Even Richard Lustig, seven-time lottery winner who has written the book, "Learn How to Increase Your Chances of Winning the Lottery," says there is no sure-fire way to win.
"I don't guarantee or make promises to anybody that by following my method you're going to win the lottery," he previously told ABC News.
Read more: How One Man Became a Serial Lottery Winner
Lustig advises lottery ticket buyers to set a budget and not to overspend, thinking it will increase your chances of winning.
While the odds of winning the jackpot are one in over 175.2 million, the odds of winning any of the smaller prizes from $4 to $1 million are one in 31.85.
The $550 million prize has a cash option of $360.2 million, the estimated jackpot based on national sales up to the time of the drawing, according to the official Powerball website.
Matthew Vea, an army reservist and programmer, created a website four years ago that has tracked some of the Mega Millions and Powerball numbers that have and have not been drawn.
With the bulging jackpot, Vea said he couldn't resist buying some tickets Tuesday night.
"I did a few quick picks, used some fortune cookies but also grabbed some numbers based on my site's number profiling," Vea said.
However, even Vea is realistic about his chances of winning.
"With true random odds at 1 in 175 million though, even having a 'strategy' isn't likely to make a difference," he said. "But it can sure make you more hopeful than just sticking your finger in the wind with a quick pick."
Lustig advises against using the "quick picks" or numbers picked by the lottery's computer, while Michael Shackleford, gaming mathematician and actuary who specializes in studying casino games, prefers it.
Still Shackleford, admits he has not purchased a lotto ticket in 25 years, "because it's a sucker's bet."
If you want to have a slightly smaller chance of sharing your winnings with others who chose the same numbers as you, he offers a few observations.

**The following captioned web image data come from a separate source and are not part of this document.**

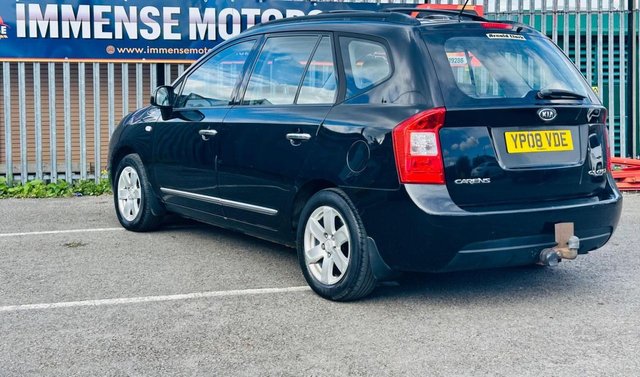 View our KIA CARENS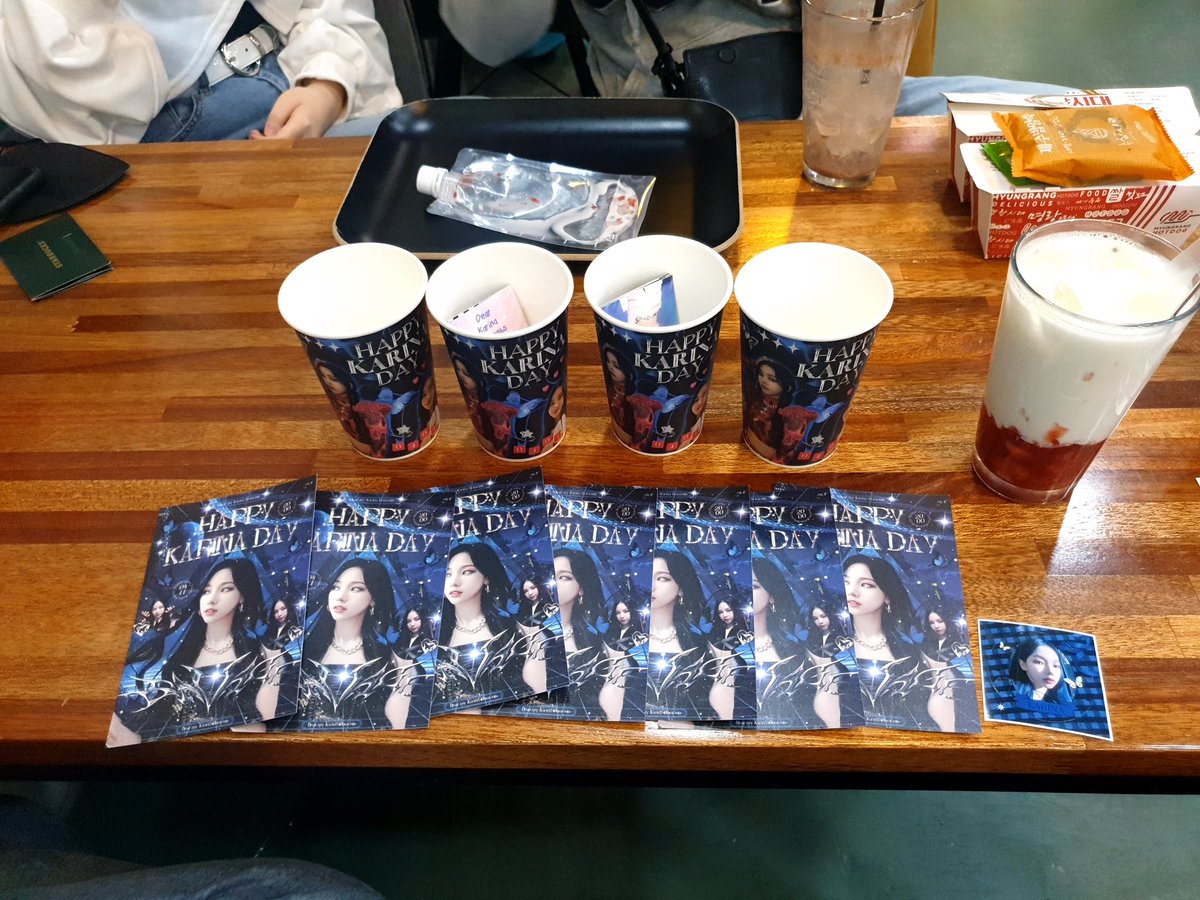 choo_yunmu_1127's tweet photo. 카리나 생일 컵홀더 이벤트
클랑으로 오세요~
#HAPPY_KARINA_DAY
#카리나
#카리나생일카페
#에스파 #aespa #4월에_만개한_카리나라는_꽃
#카리나대구컵홀더 https://t.co/A0BeuGCCXx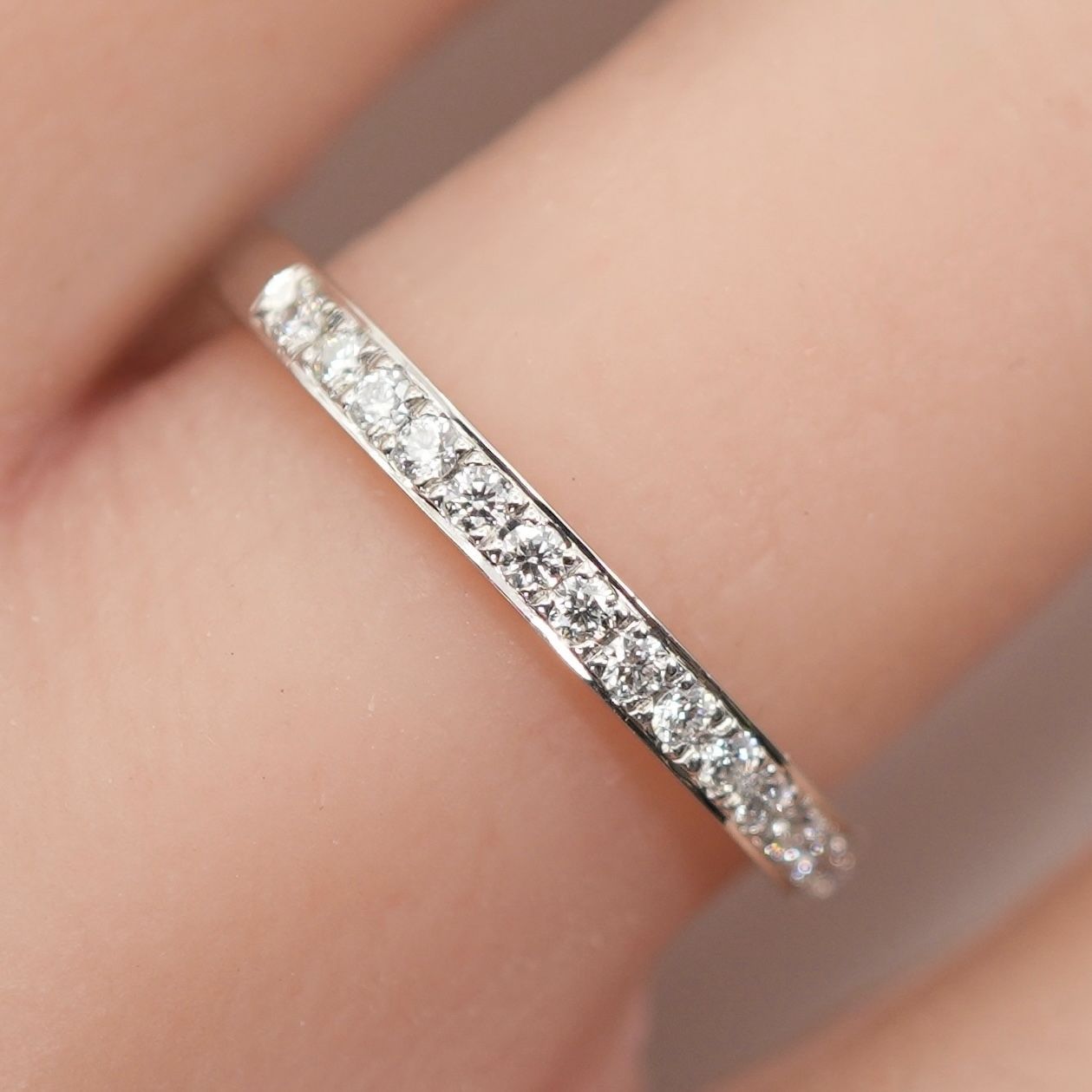 ヴァンドーム青山 ハーフエタニティ プラチナ ダイヤ リング/25-1916S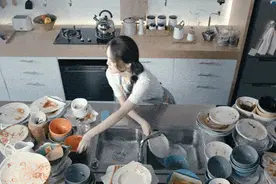 这自带洗碗刷的魔术手套，油污一冲就净，轻薄隔热，家务神仙配置图片
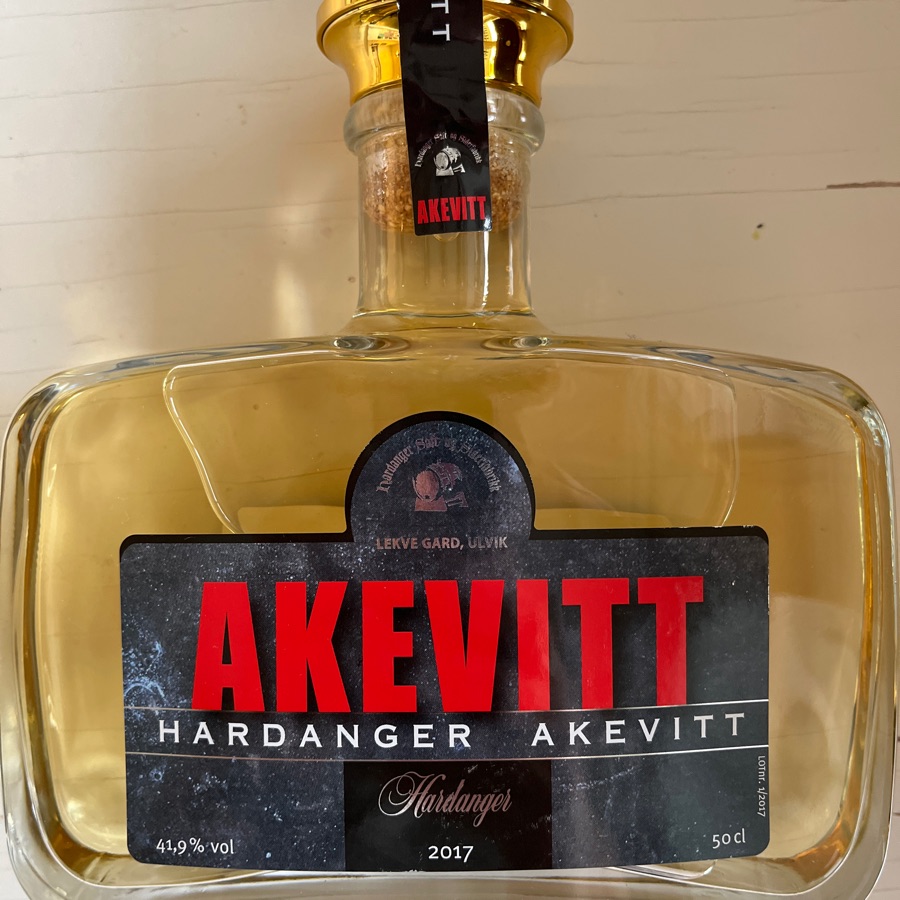 Hardanger Akevitt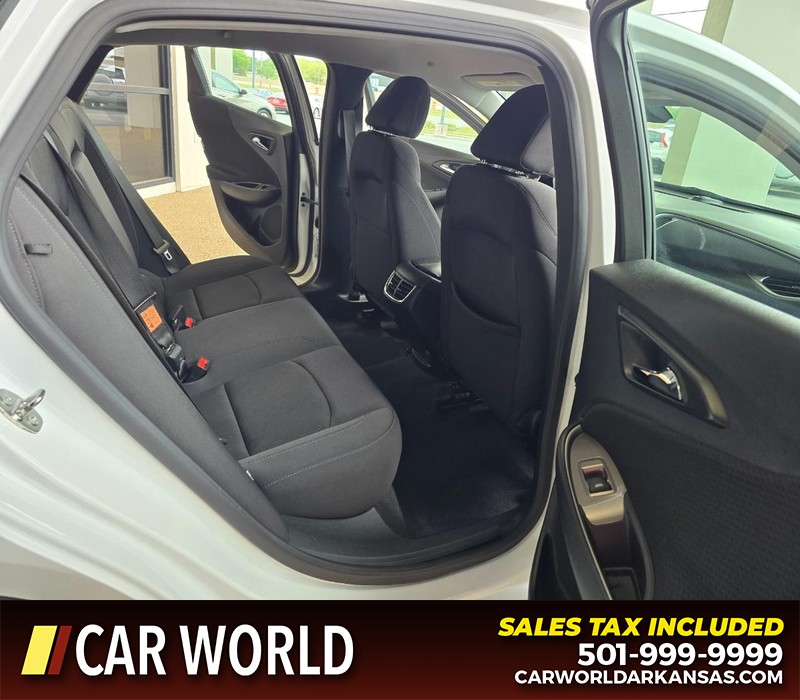 Chevrolet Malibu Vehicle Full-screen Gallery Image 12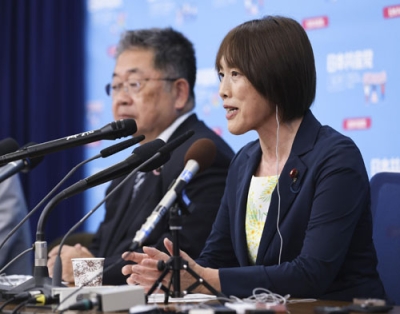 写真：メディアのインタビューに答える共産党の田村委員長（右）＝２０日午後９時１４分、東京都渋谷区の党本部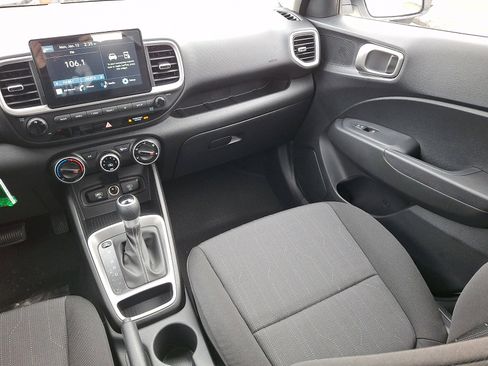 New 2026 Hyundai Venue SE image 11
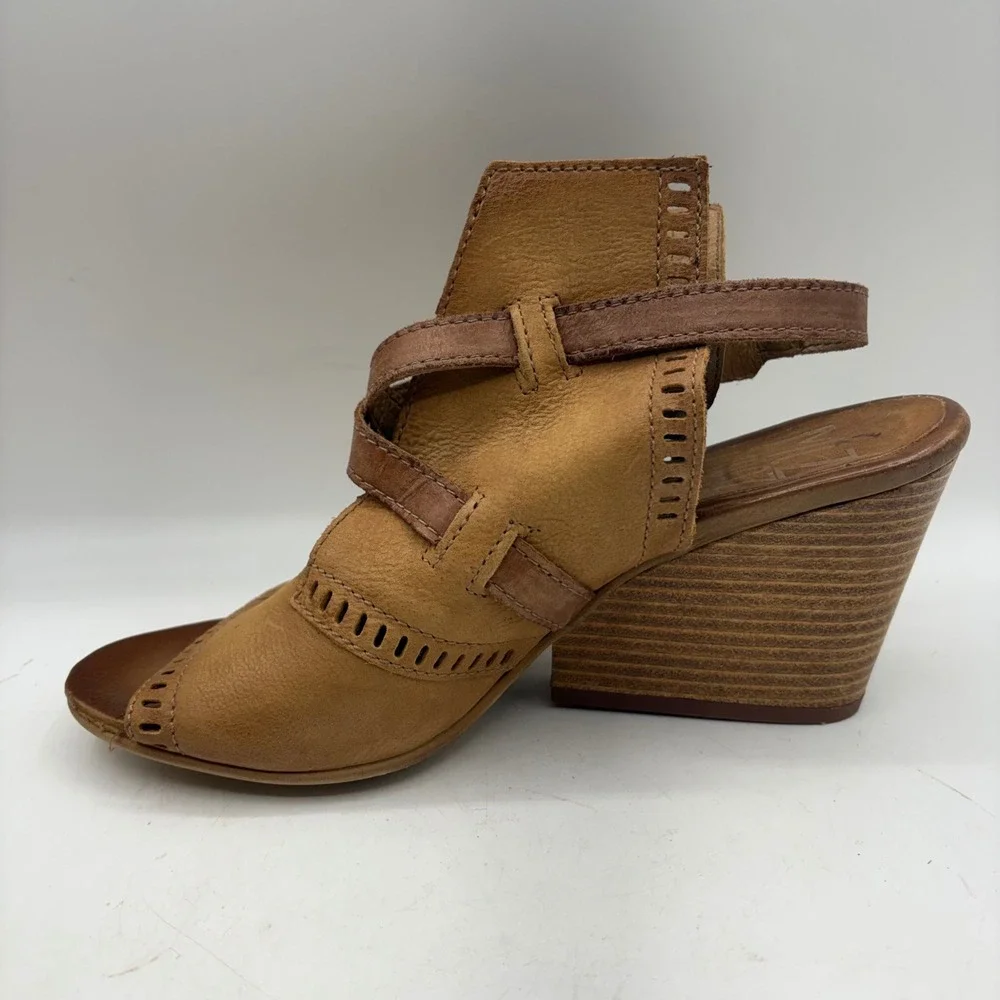 Miz Mooz Tan Leather Wedge Sandals Perforated Caged Strappy‎ Open Toe Shoes 40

People often choose familiar numbers, including birthdays, which, if chosen, means you could share your winnings.
"Everyone was born in a month from one to 12 and days are one and 31, ignoring the late 30s and 40s. If someone were picking birthdays, they have a greater chance to split it with other birthday pickers," he said.
Shackleford has also said many people choose geometric progressions.
The most popular selection for a Quebec lottery drawing in January 2010 were numbers in multiples of seven.
In particular, 824 wagers chose 7, 14, 21, 28, 35, and 42. The second most popular selection, chosen by 424 wagers, was the consecutive numbers 1, 2, 3, 4, 5, and 6. The third most popular selection was the mysterious set of numbers in the television series, "Lost." According to the Quebec lottery, 377 wagers chose: 4, 8, 15, 16, 23 and 42.
Another consideration, Shackleford has said, is when to play the game.
"It's good for you when the jackpot increases but it also induces more people to play, increasing your chance of sharing it," he said.
But at an estimated $550 million, sharing might not be such a bad thing.